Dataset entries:
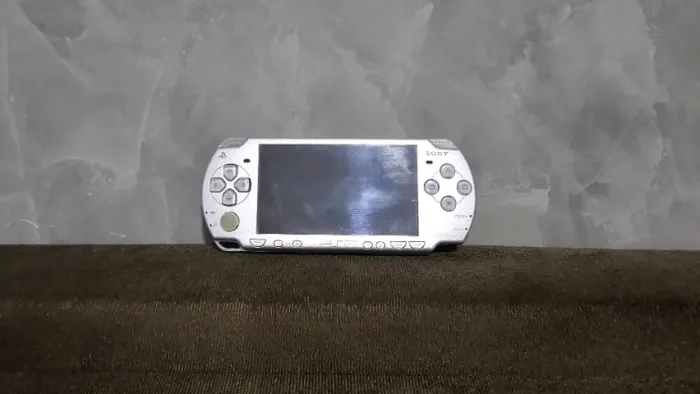 PSP 2001 Prata Original Muito Conservado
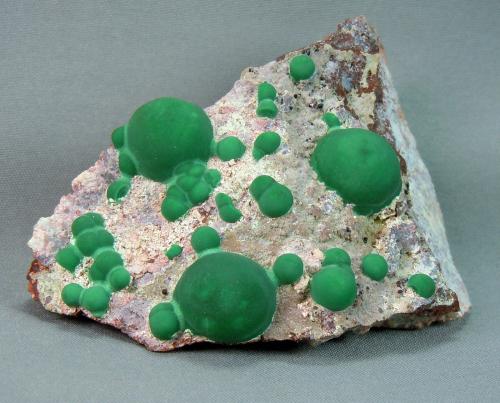 Malachite<br />Morenci Mine, Northwest Extension, Morenci, Copper Mountain District, Shannon Mountains, Greenlee County, Arizona, USA<br />6.5cm x 5.5cm<br /> (Author: rweaver)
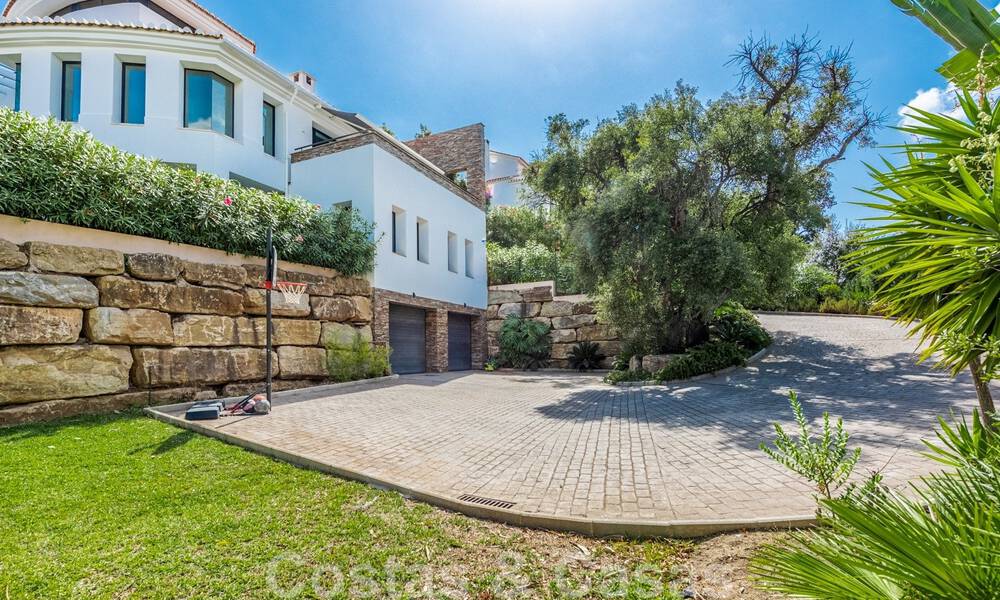 Vente d'une villa andalouse indépendante avec vue panoramique sur la montagne et la mer dans une urbanisation exclusive de l'est de Marbella 47388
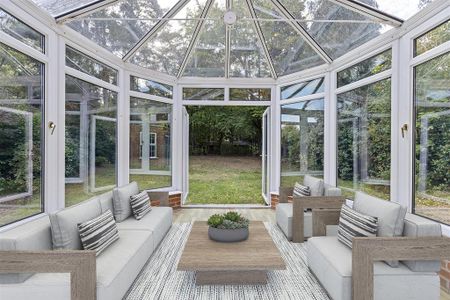 4 bedroom detached house to rent - Photo 5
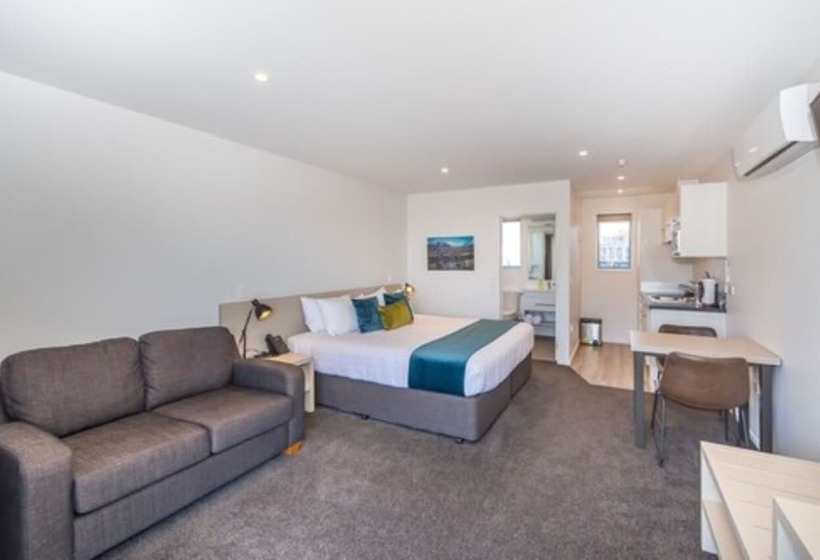 סטודיו דלוקס, Taylors Motel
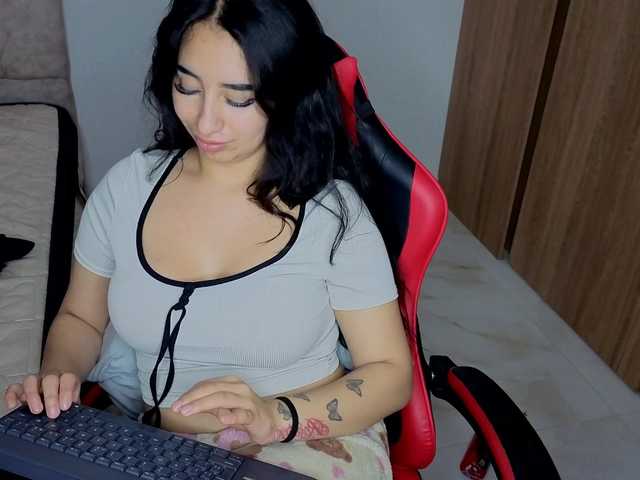 MaloryTay11 live cam on BongaCams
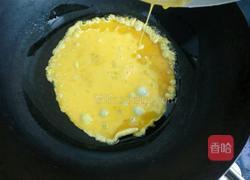 平菇炒鸡蛋的做法图解5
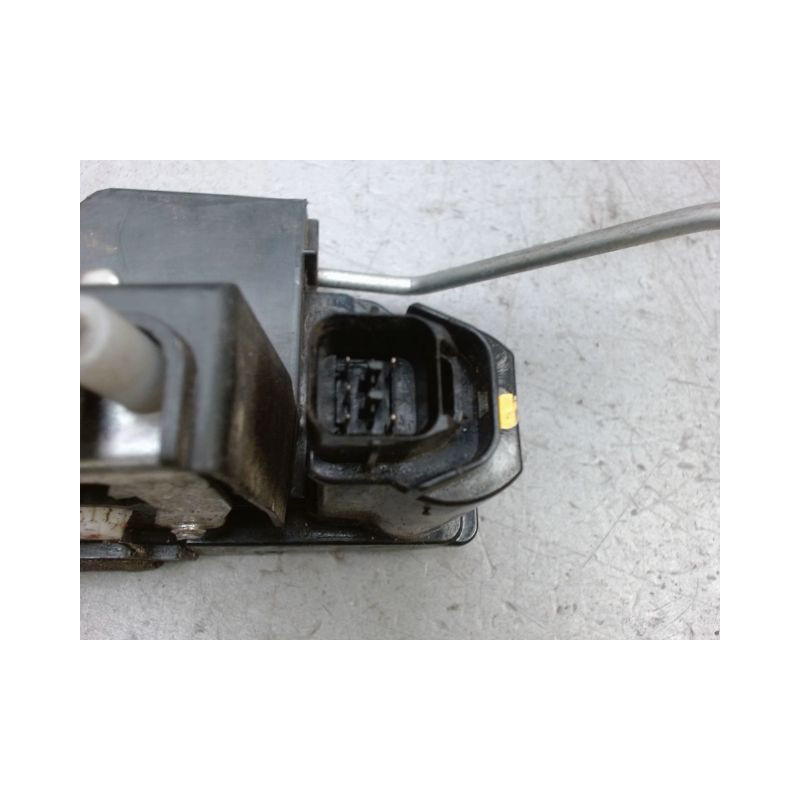 SYSTEME CONDAMNATION AVANT DROIT HYUNDAI I10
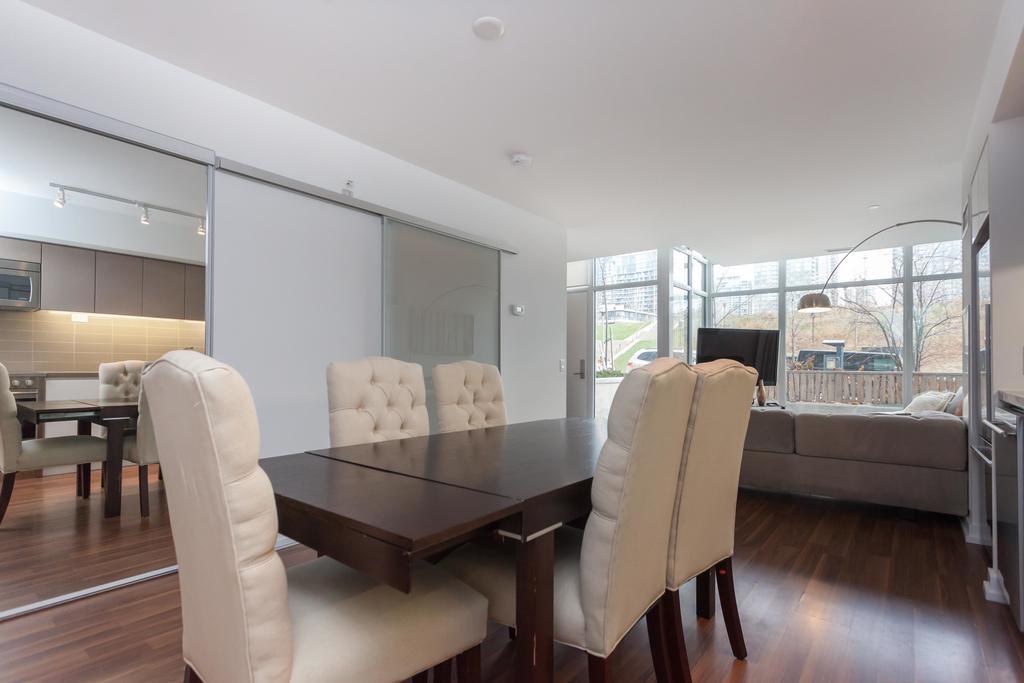 Applewood Suites - Condo Townhome Toronto Exterior photo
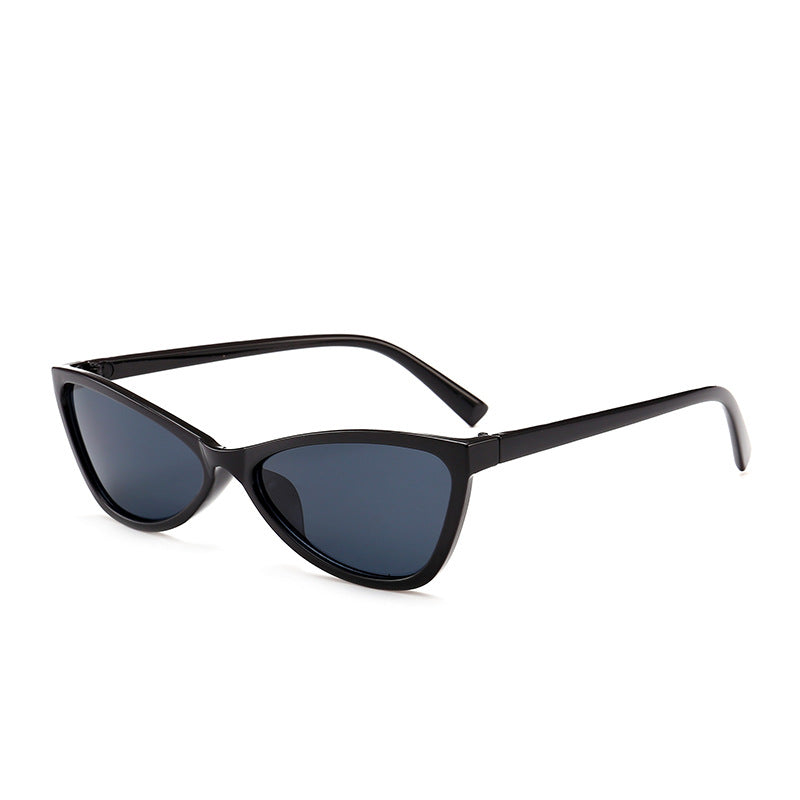 Occhiali cat eye a farfalla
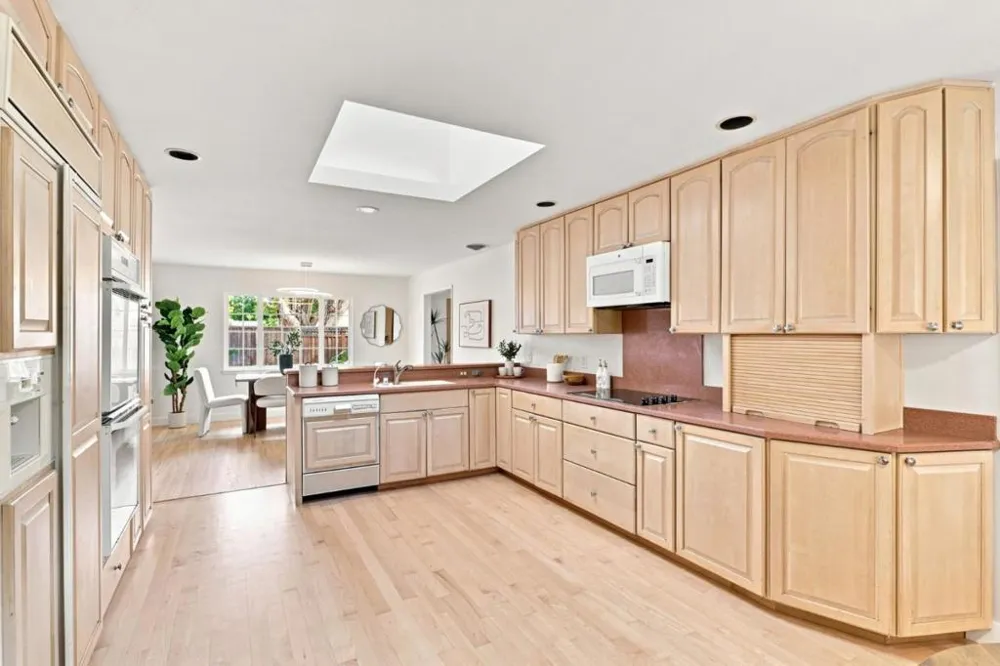 1073 Enderby Way Sunnyvale, CA 94087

* _What the exercise asks_: Please print all of the records above exactly, omitting each picture.

* _Task answer_:
 PSP 2001 Prata Original Muito Conservado
 Malachite<br />Morenci Mine, Northwest Extension, Morenci, Copper Mountain District, Shannon Mountains, Greenlee County, Arizona, USA<br />6.5cm x 5.5cm<br /> (Author: rweaver)
 Vente d'une villa andalouse indépendante avec vue panoramique sur la montagne et la mer dans une urbanisation exclusive de l'est de Marbella 47388
 4 bedroom detached house to rent - Photo 5
 סטודיו דלוקס, Taylors Motel
 MaloryTay11 live cam on BongaCams
 平菇炒鸡蛋的做法图解5
 SYSTEME CONDAMNATION AVANT DROIT HYUNDAI I10
 Applewood Suites - Condo Townhome Toronto Exterior photo
 Occhiali cat eye a farfalla
 1073 Enderby Way Sunnyvale, CA 94087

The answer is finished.